Meantime, recently retired SC Senior Associate Justice Antonio T. Carpio has continued to pursue his main criticism on the ATB – its Section 29, which extends detention without judicial arrest warrant, and without judicial charge, to a total of 24 days. He called this section as the provision that “strikes the deadliest blow on fundamental constitutional rights.”
In his two column pieces in the Inquirer (on June 8 and on July 2), he showed that the bill’s principal author, Sen. Panfilo Lacson, had himself made contradictory statements on the “rationale for Section 29.” In both instances, the retired justice checkmated the senator.
On June 8, Carpio quoted Lacson, during the Senate deliberation on the bill, as explaining that Section 29 expands the warrantless arrest allowed under the Rules of Court, in mixed Filipino-English:
“Hindi na rin po natin pinapalitan iyong provision sa citizen’s arrest in this case. Kaya lamang, ang in-expand natin ay iyong period. In ordinary crimes, hindi puwede iyong nasa planning stage, hindi naman niya ginawa, hindi naman siya nag-commit ng crime. Pero dahil iyong tinatawag nating inchoate offense, hindi pa nangyayari, nasa simula pa lamang, puwede na nating arestuhin because we want to be proactive because this is a new phenomenon.”

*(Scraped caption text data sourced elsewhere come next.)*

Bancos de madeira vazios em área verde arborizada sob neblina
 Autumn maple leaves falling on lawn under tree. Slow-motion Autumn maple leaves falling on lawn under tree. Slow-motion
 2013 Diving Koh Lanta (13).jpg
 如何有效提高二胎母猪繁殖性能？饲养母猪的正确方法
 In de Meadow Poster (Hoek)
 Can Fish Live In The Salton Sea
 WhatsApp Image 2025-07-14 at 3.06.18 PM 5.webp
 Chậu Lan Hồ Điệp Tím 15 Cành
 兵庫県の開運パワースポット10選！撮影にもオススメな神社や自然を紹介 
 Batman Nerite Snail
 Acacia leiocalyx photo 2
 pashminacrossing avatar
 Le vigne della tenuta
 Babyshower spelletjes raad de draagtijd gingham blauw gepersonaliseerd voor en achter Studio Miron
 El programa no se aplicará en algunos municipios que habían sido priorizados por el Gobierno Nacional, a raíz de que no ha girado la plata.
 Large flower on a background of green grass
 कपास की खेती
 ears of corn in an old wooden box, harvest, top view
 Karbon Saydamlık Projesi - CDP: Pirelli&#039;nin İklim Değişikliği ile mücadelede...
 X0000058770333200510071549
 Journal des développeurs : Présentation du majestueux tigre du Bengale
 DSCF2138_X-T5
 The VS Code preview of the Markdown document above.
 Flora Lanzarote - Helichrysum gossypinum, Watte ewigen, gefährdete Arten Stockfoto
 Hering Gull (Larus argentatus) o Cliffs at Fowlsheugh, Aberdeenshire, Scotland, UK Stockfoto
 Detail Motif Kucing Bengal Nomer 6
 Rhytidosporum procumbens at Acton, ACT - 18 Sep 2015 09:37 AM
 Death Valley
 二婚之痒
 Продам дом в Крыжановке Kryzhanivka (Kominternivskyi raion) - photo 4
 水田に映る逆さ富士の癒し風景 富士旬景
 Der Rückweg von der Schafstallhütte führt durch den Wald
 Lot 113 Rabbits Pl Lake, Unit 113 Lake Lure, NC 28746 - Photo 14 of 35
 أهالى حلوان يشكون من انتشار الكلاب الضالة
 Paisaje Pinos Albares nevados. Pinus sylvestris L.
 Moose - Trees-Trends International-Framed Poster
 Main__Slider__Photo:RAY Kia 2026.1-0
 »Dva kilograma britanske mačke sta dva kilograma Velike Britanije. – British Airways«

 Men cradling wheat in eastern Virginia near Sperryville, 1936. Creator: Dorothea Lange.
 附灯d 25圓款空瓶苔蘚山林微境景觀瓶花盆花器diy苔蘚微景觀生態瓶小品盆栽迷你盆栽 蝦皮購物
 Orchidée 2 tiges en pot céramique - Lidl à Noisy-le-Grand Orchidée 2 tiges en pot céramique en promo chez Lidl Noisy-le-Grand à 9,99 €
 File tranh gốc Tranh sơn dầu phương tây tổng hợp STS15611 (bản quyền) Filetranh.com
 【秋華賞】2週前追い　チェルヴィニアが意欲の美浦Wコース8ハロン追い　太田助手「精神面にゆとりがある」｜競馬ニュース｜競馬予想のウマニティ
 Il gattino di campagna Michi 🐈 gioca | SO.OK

In short, Carpio noted, under Section 29 the Anti-Terrorism Council (to be composed mainly of Cabinet-rank officials) “is authorized to order the arrest of any person even if he or she has not committed any crime of terrorism.” He debunked this view, pointing out that under the Constitution the only person authorized to issue a warrant of arrest is a judge, and he must have “probable cause” to believe that a crime has been committed. About the way Lacson explained it, he wrote, “This is truly mind-boggling.”
But Lacson has also said otherwise. On July 2, Carpio cited Lacson’s letter to IBP President Domingo Cayosa dated June 15. In that letter, he observed, Lacson affirmed that the legislative intent behind Section 29 was to allow warrantless arrest, pursuant to Rule 113, Section 5 of the Rules of Court: – only “by virtue of in flagrante delicto and hot pursuit – in such cases [when} an actual crime is being committed, or has been committed.”
Assuming Lacson’s interpretation was correct, Carpio pointed out, “law enforcement agents and military personnel can never detain the arrested person for more than 36 hours.” Moreover, he wrote, “there is no need for additional time to gather more evidence to strengthen the case against the arrested person for purposes of denying bail.” The investigating prosecutor can immediately conduct an inquest and file the judicial charge within 36 hours, he explained, and the judge will deny bail “because the evidence of guilt is obviously strong.”
“Being under continued detention,” Carpio concluded, “the arrested person cannot commit further acts of terrorism.” Touche!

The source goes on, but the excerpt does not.